La Cuillera (1406m) en boucle par l’arête nord-est
- Difficulté :
- Difficile
- Dénivelé :
- 400m
- Durée :
- 4h
Quand j'ai imaginé cette petite boucle sur la carte IGN, je ne savais pas combien - en si peu de minutes - je pourrais être transporté dans un univers aussi sauvage et aussi lointain. Pourtant, la civilisation était là, toute proche, juste en bas. Et je la voyais bien. Mais ici - sur son flanc et sur son fil - l'arête nord-est de la Cuillera m'a surpris, m'a inquiété aussi, m'a rasséréné enfin . Elle m'a emporté dans son monde intrigant, rude, rassurant et chaleureux. Que peut-on attendre de plus d'une randonnée ? – Auteur : François Lannes
Accès
Sur la D 1075 Grenoble -> Sisteron, passer le col de la Croix-Haute, puis Lus-la-Croix-Haute, pour arriver à Saint-Julien-en-Beauchêne. Juste avant de passer sous la voie ferrée, tourner à droite direction Montama.

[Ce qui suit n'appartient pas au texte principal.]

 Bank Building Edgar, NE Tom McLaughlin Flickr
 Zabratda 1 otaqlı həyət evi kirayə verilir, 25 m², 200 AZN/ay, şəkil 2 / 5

Le départ de la randonnée peut se faire de 3 points différents, suivant ses préférences :
1 - Laisser la voiture au pont (peu commode) et prendre le GR de Pays "Tour du Buëch" qui commence là
2 - Aller jusqu’à Montama-Bas et laisser la voiture dans l’épingle à cheveux (peu commode aussi) pour prendre une piste forestière qui part de là
3 - Aller jusqu’à Montama-le-Haut et laisser la voiture à l’entrée du hameau (tout petit parking, bien rempli), et prendre la piste forestière qui commence à gauche des premières maisons.
Précisions sur la difficulté
90% de la randonnée se fait sur des pistes faciles à parcourir.
Les 10% restants sont hors sentier et demandent un très bon sens de l’orientation, et une capacité à détecter les traces des bêtes afin de se faciliter la tâche.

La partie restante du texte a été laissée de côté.